When West planned a hostile rally and press conference outside a banquet for the Council on American-Islamic Relations, the Prysner for Congress campaign and others turned out in mass to challenge the racist attacks. That day, the anti-Arab right wing in south Florida, accustomed to a political climate in which they could attack the Arab and Muslim community unopposed, learned that a new political leadership was ready to stand in their way. West and his crew were forced to abandon their plans, fleeing the site without getting out a single racist word to the press.

A campaign of struggle

Prysner’s grassroots campaign has fought shoulder to shoulder with working people in South Florida. On September 26, Prysner participated in a delegation of union and community activists demanding that the Isle Casino reinstate three workers who had been unjustly fired. The casino gave the workers the pink slip in an attempt to intimidate their newly formed union during contract negotiations. When meeting with the casino management, Prysner said, “We are committed to stand and fight with the workers who were illegally fired until they are reinstated, and to ensure that all workers at the casino get a fair contract.”

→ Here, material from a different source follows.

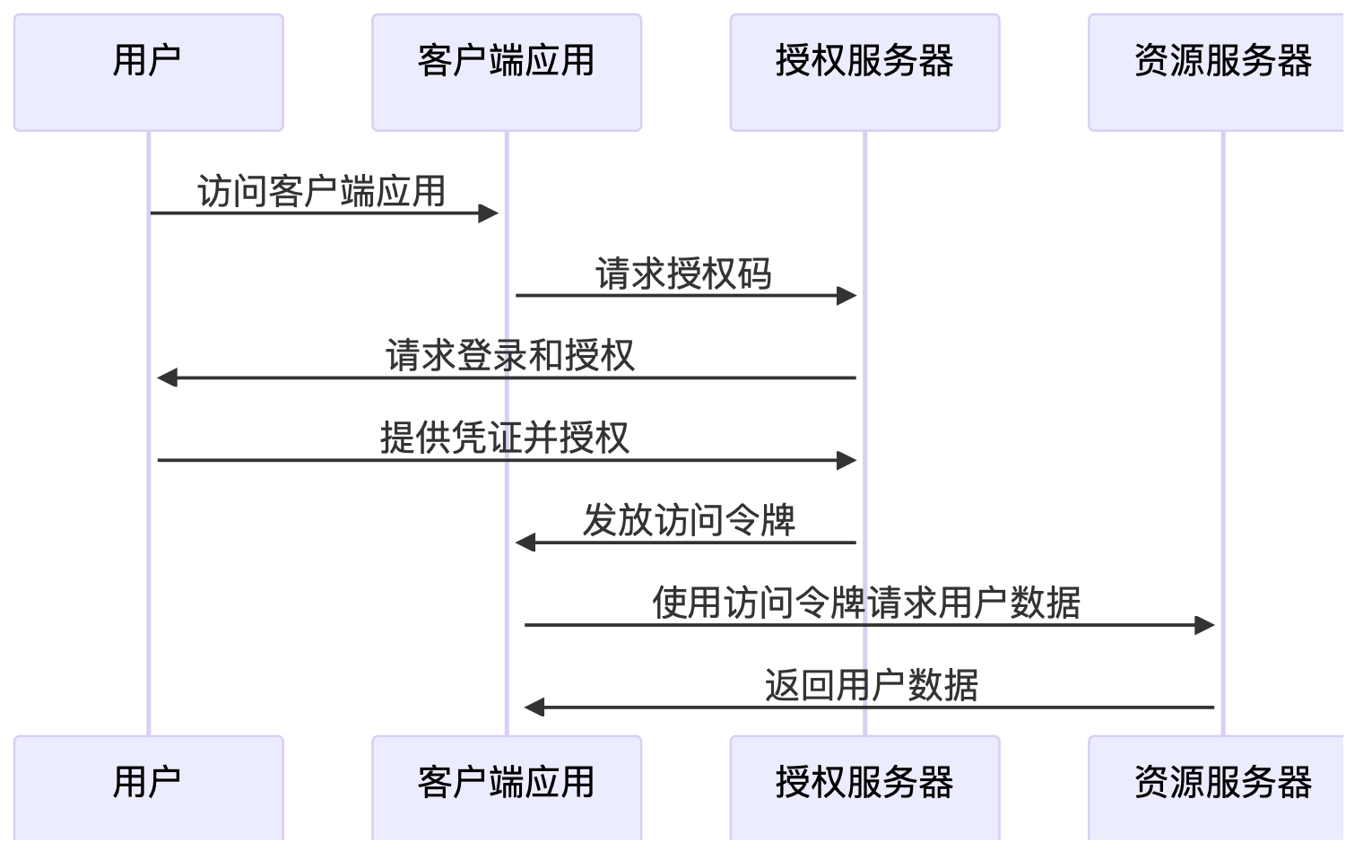 image-20250213135355834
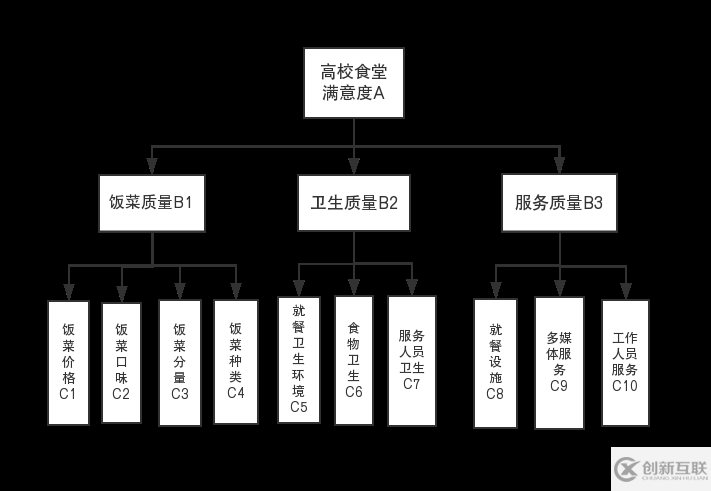 Matlab如何實(shí)現(xiàn)基于AHP高校食堂滿意度調(diào)查示例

On September 2, the Prysner for Congress campaign joined with other progressive forces in a successful campaign to support the creation of a workers’ resource center to be voted on at the Lake Worth City Commission meeting. The center will play an important role in coordinating day laborers’ employment, providing important social services to community members, and serving as a key center for the immigrant rights movement in South Florida.

In the months leading up to the city commission meeting, illegal Immigration and Customs Enforcement (ICE) raids grew more frequent. Prysner helped organize a know-your-rights workshop, and went door to door in the terrorized communities to encourage migrant workers to attend the workshop and organize against the attacks. Hundreds of immigrants turned out to the workshop.

Prysner joined roughly 15 other candidates at a forum organized by the Haitian Citizen United Task Force in his district, which is home to a large Haitian immigrant population. Prysner was the only candidate who demanded full rights for all immigrants, including guaranteed access to jobs, health care and quality education.

Professional politicians have spent months courting voters at public events and in the media, but for Prysner, campaigning has not been about scoring votes. It is about organizing among the workers and defending rights.